One of the main benefits of agile marketing is that the various teams get more done because they stay focused. They do one thing for a short period of time. They’re also able to avoid the “tyranny of the urgent” because, instead of getting distracted by new requests that come in, they can refer to the policy (whether it’s labeled a digital policy or an agile policy doesn’t really matter) governing how work is added to the queue.

Learning Opportunities

Backing agile marketing with digital policies also eliminates nonproductive downtime spent waiting for approvals. There have been numerous marketing projects over the years that died slow deaths waiting for permission to do something. Digital policies eliminate this problem. As long as a project is within the organization’s digital policy, there’s no need to obtain additional approvals.

And it’s not just high-level approvals. It works for more basic decisions, too. If the person who owns the design elements of the project is out sick, for example, any member of the team can make decisions about color and font as long as they’re in line with digital policies. And the iterative approach means that the risk of making a “wrong” decision is minimal, because it can always be corrected in the next iteration. It’s a great way to keep things moving.

Related Article: Can Agile Marketing Help Streamline Your Strategy?

Interpretation of Data

With agile marketing, decisions are based on data rather than on opinion, personality or organizational hierarchy. Digital policies provide a solid framework for how to look at and interpret that data.

Let’s say one short sprint involves testing a customer loyalty program. Digital policies spell out specific requirements for handling any type of personal data, and developing a test that would be compliant with those policies would take longer than the time allotted for the sprint.

So the team decides to stick to things like printable coupons and in-store discounts as well as low-risk social media approaches like an in-store discount for checking in with Facebook. Later, they examine the data and determine that the experiment didn’t achieve the metrics they had established as their goals. They then conclude that a more targeted approach would be more successful.

How does the marketing team decide what to do next? Well, because the digital policies make it clear that they can’t take a more targeted approach without making a sizeable investment in a loyalty program that’s compliant with the organization’s data privacy rules, they must approach the relevant executives for a decision.

A Framework for Success

Far from being incompatible with agile marketing, digital policies provide the framework that agile teams need to succeed. If you already have a digital policy program, trust your policies, and let the marketing people do their thing instead of micromanaging. Trust that your policies are the guiding star and let the experts do their work.

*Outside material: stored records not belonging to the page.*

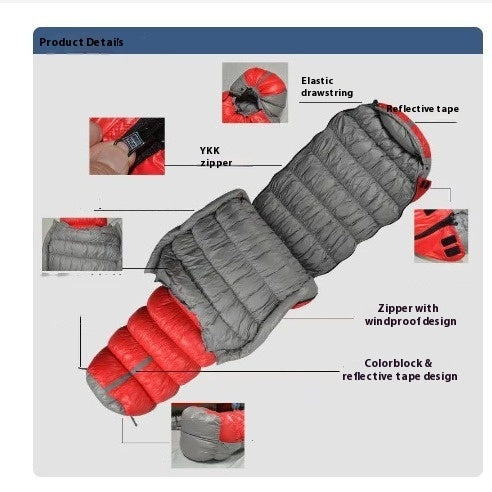 Storage Travel Hotel Sleeping Bag For Men And Women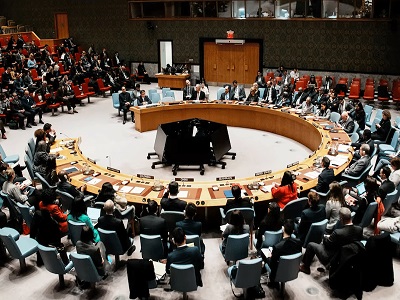 ইরান ইস্যুতে জরুরি বৈঠক ডেকেছে জাতিসংঘ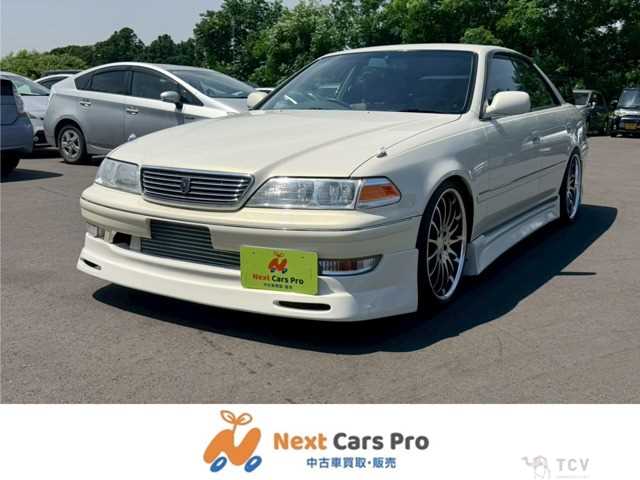 1997 Toyota Mark II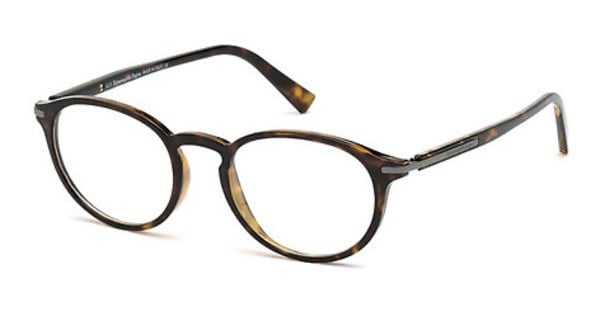 Brillen op sterkte Ermenegildo Zegna EZ5042 052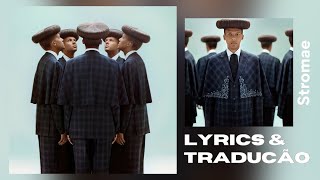 Stromae  La solassitude LyricsTradução PTBR [upl. by Gaidano]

If you’re currently operating an agile marketing team without digital policies in place, consider this a call to action. Ideally, digital policies originate in the C-suite and include the entire organization. But if you don’t see that happening in the immediate future, do what you can within your marketing organization. Implement basic policies that provide guard rails relating to matters like these:

  • What marketers should always do, what they should never do, and which activities they should prioritize.
  • How they should document their initiatives and the results of those initiatives.
  • How they should report results (both positive and negative) to company executives.
  • When they should elevate decision-making.

Far from imposing limitations and restrictions, digital policies provide agile marketing teams with a safety net. They give marketers the freedom to experiment without having to worry about getting in trouble for violating a rule they didn’t know existed. Support your agile marketing team with digital policies, then step back and prepare to be amazed by the creativity and effectiveness of their work.